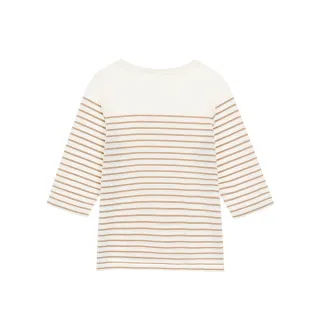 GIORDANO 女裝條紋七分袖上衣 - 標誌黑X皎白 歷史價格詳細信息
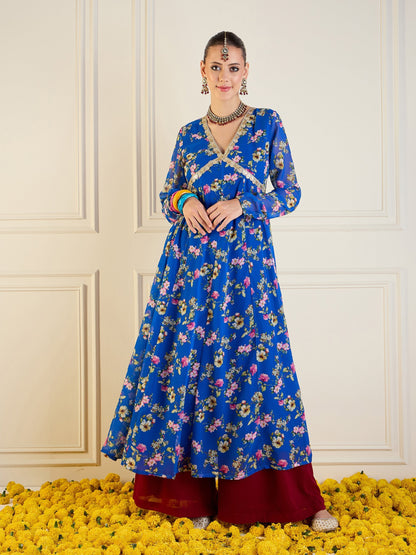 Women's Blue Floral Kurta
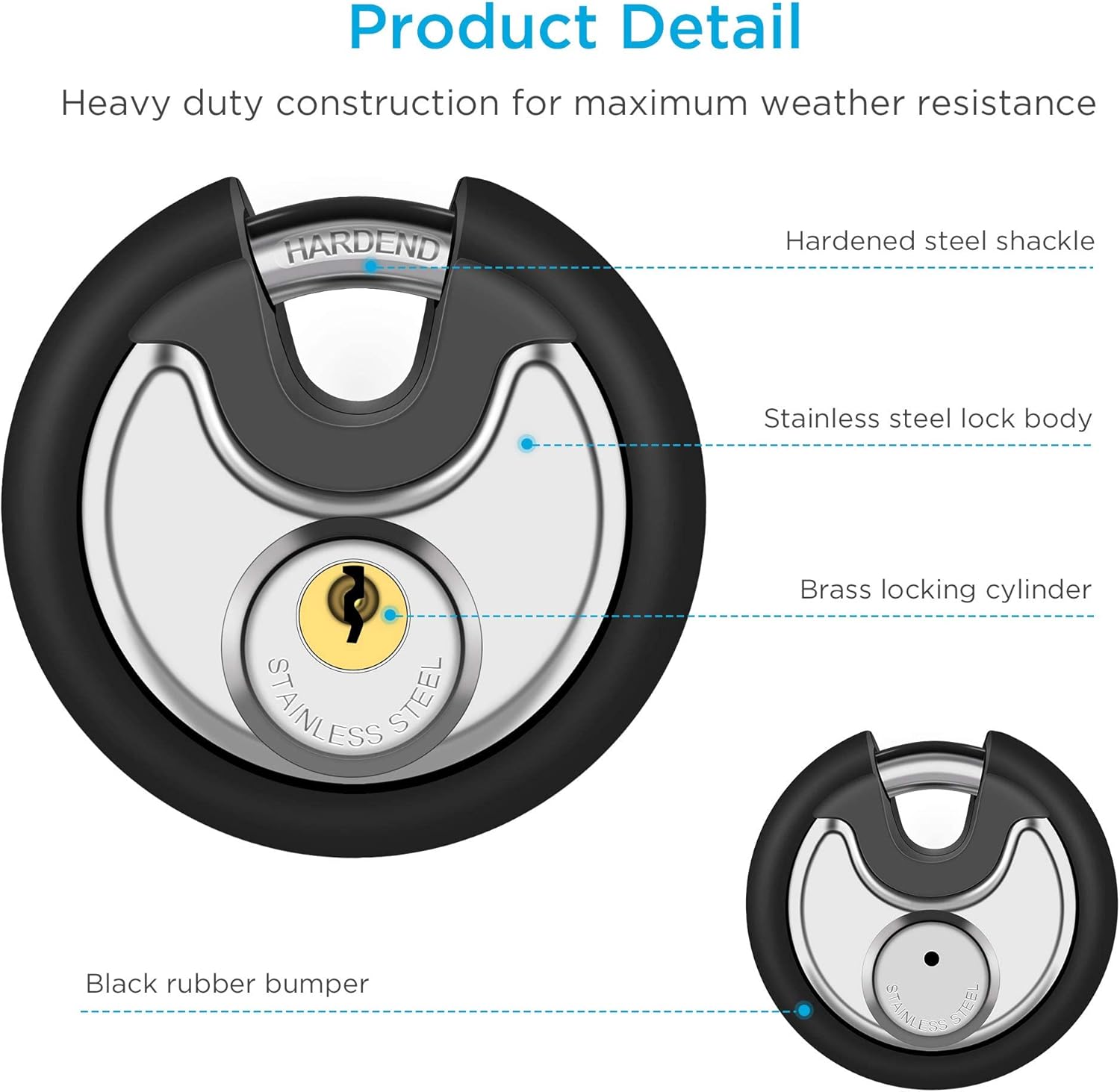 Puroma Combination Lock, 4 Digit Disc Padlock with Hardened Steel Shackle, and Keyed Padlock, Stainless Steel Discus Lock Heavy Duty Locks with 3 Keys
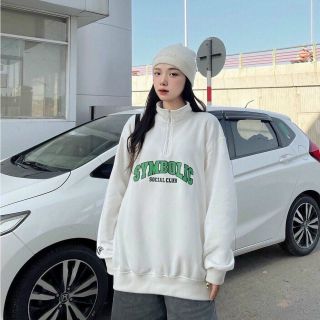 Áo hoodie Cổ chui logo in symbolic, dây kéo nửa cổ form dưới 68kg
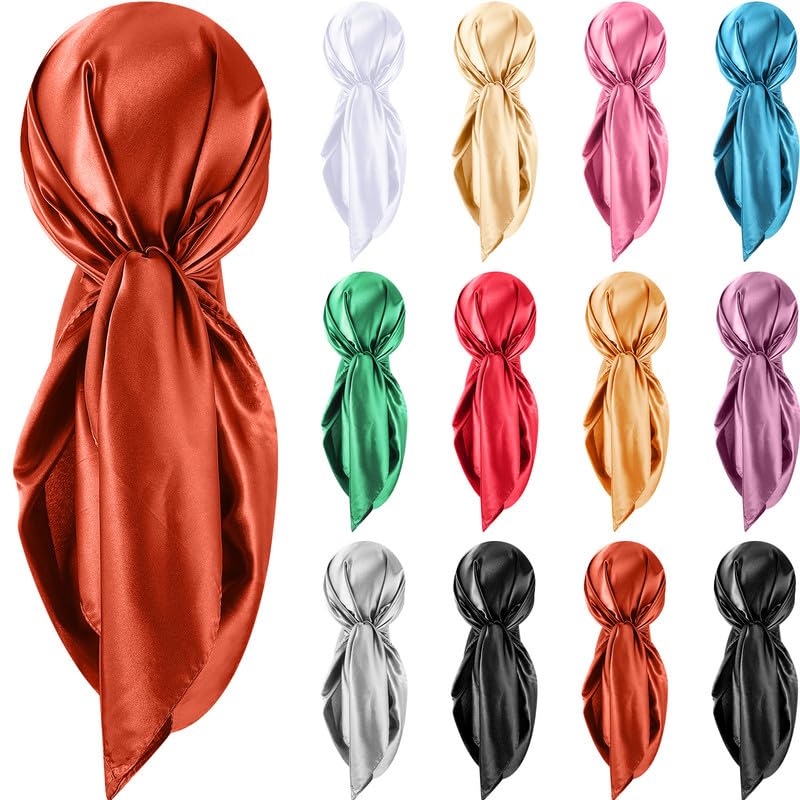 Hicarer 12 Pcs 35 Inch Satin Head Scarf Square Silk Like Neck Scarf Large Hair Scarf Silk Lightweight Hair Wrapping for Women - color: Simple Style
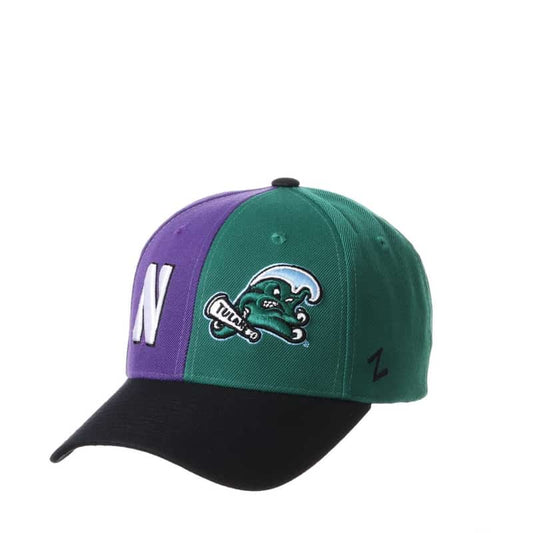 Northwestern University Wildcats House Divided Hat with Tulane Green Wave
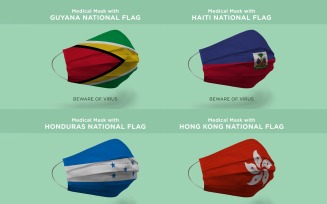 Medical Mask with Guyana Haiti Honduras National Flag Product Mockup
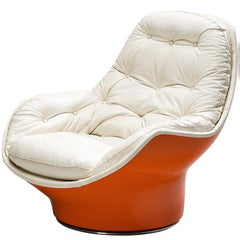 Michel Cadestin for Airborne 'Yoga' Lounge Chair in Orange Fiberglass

□ □ □

Task prompt:
After locating the line that contains "Women's Blue Floral Kurta", output it and all later lines through the end of the material exactly, leaving out pictures.

Written reply:
 Women's Blue Floral Kurta
 Puroma Combination Lock, 4 Digit Disc Padlock with Hardened Steel Shackle, and Keyed Padlock, Stainless Steel Discus Lock Heavy Duty Locks with 3 Keys
 Áo hoodie Cổ chui logo in symbolic, dây kéo nửa cổ form dưới 68kg
 Hicarer 12 Pcs 35 Inch Satin Head Scarf Square Silk Like Neck Scarf Large Hair Scarf Silk Lightweight Hair Wrapping for Women - color: Simple Style
 Northwestern University Wildcats House Divided Hat with Tulane Green Wave
 Medical Mask with Guyana Haiti Honduras National Flag Product Mockup
 Michel Cadestin for Airborne 'Yoga' Lounge Chair in Orange Fiberglass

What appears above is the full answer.